Drei der V4-Länder sind Nachbarn der Ukraine und würden die humanitären Auswirkungen einer Eskalation durch eine Flüchtlingswelle unmittelbar zu spüren bekommen. Längst sind dort Krisenstäbe eingerichtet und laufen Notfallpläne an, man ist in humanitärer Alarmbereitschaft, Orbán überflog persönlich im Helikopter die Grenze. Ungarn sieht sich zudem in der Verantwortung für knapp 150.000 ethnische Ungarn, die rund 10% der Bevölkerung der Westprovinz Karpatenukraine ausmachen, in ihren historischen Siedlungszentren vor allem in und um Berehowe (Beregszász) teilweise die Hälfte der Bevölkerung und auch den Bürgermeister stellen. Auch in den Städten Mukachevo (Munkács) bis Uschgorod (Ungvár) gibt es eine ungarische Minderheit von knapp 10%, dazwischen auch etliche Dörfer, die sogar mehrheitlich von ethnischen Ungarn bewohnt werden.

Martonyi zum Gedankenaustausch bei Udar-Chef Vitali Klitschko, dessen Einfluss in der Ukraine viel geringer ist, als es die Kalten Krieger im Westen sich gerne wünschen.

Diese könnten nun zwischen die Fronten und unter die Räder des Konfliktes kommen und Teil der "ethnischen Säuberungen" werden, wie sie von den Strumtruppen des "Rechten Sektors" und der nazistischen Partei "Swoboda" versucht werden. Wie gemeldet, wurde in der vorigen Woche von diesen die Stadratssitzung in Beregszász überfallen und gewaltsam aufgelöst. Es sei hier nochmals an die brandgefährliche Absurdität erinnert, dass diese Gruppierungen die Speerspitze jener Bewegung in Kiew bilden, die von "Strategen", vor allem aus dem im Kalten Krieg hängengebliebenen "bürgerlichen Lager" in der EU, voran auch hier wieder einmal Deutschland als "proeuropäisch" deklariert werden. Immernoch!
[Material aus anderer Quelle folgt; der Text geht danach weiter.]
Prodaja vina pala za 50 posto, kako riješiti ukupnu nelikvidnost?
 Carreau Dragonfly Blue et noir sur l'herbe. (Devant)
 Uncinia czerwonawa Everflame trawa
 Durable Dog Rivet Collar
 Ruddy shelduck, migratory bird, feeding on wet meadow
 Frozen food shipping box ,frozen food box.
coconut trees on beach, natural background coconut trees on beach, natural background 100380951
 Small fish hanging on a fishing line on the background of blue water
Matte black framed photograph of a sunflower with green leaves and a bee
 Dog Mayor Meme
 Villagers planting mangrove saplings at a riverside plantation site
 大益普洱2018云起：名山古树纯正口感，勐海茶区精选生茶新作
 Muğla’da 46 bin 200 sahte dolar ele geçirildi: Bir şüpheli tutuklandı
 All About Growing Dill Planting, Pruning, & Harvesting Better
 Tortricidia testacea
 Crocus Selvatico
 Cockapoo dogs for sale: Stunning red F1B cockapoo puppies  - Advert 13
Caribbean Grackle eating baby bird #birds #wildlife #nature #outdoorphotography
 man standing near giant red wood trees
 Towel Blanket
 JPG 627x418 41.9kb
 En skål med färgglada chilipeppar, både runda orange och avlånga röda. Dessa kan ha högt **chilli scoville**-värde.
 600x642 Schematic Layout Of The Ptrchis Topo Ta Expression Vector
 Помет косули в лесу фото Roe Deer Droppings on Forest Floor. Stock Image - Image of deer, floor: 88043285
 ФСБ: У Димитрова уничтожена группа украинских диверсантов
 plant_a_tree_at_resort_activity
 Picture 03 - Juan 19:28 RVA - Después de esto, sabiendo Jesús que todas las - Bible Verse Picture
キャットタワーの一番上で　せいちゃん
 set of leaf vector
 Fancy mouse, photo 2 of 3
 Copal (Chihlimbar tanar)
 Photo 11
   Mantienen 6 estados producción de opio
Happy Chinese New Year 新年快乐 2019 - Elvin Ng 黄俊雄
Martonyi hat es aufgrund der EU-Politik, die er ja mitvertreten muss, aber auch der Vorgaben und Vorarbeiten seines Chefs, Premier Orbán, nicht leicht, den verschiedenen Playern einen klar verständlichen Standpunkt seines Landes darzulegen oder gar Empathie für die Belange Ungarns und der Ungarn in der Ukraine zu wecken: Orbán, ein Meister des politischen Timings, hat just am Beginn des Aufstandes in Kiew einen 10 Milliarden Euro schweren Kreditvertrag mit Putins Russland für sein AKW abgeschlossen. Sein Land - so sehen es die Kritiker in und außerhalb Ungarns - habe er damit praktisch über Nacht an den Kreml verpfändet und sich so auch politisch von Moskau abhängig gemacht. Schneller als gedacht, kann ihm nun seine "Ostöffnung" auf die Füße fallen.
Ungarn selbst hat sich auf die Schwelle zwischen Ost und West gestellt und wundert sich nun, dass es sich die Finger einklemmt.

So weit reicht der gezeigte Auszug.